Johann Joseph Fux: the greatest, most celebrated and widely read music theorist of all time - studied by almost all of the greatest composers the world has seen; J.S Bach, Ludwig van Beethoven, Wolfgang Amadeus Mozart, Joseph Haydn - among many others, and teaching many composers such as Gottlieb Muffat and Georg Christoph Wagenseil.. but most notably Jan Dismas Zelenka, who studied with him for 3 years and as anyone that is familiar knows, is the only equal to Bach in terms of innovation and talent in that era.

Yet little does anyone know that he was in the most prestigious musical position in 18th century Vienna - and considered the greatest composer of the Holy Roman Empire, who served 3 different Emperors: Leopold the I, Joseph the I and Charles the VI.

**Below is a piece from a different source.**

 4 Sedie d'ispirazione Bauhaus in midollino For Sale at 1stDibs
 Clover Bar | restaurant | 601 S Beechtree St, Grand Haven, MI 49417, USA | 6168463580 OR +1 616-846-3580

He has a surviving output of over 600 works, secular and sacred in almost every style at the time - French, Italian, stile antico, stile moderno, and everything other form - mastered.

-----

I merely offer a humble playlist of 2 compositions of his I edited and recorded some time ago; my personal favourite being the Missa Purificationis, K.28 in his catalogue of works; which has a simple but profound beauty to it - and the Ouverture in D Minor, being exemplary of the French style, with a fantastic Fugue and gigue contained therein:


----------



## ArtMusic (Jan 5, 2013)

Yes, Fux was a great Baroque composer. He was prolific, influential in his theoretical works.

This is as good as any from the Baroque:


----------



## kfriegedank (Feb 27, 2020)

ArtMusic said:


> Yes, Fux was a great Baroque composer. He was prolific, influential in his theoretical works.
> 
> This is as good as any from the Baroque:


Heard that compilation before... exquisite French Ouvertures aplenty.


----------



## Taggart (Feb 14, 2013)

Usually when Fux gets discussed it's because of his study of counterpoint. There is this thread on him Favorite works by Johann Joseph Fux


----------



## Ariasexta (Jul 3, 2010)

He is a bit like Marc Charpentier, both cherished the less embellished aristocratic italianate style of Giacomo Carissimi and also being prolific at the same level of production. It will be very illuminating to listen and compare the two.


----------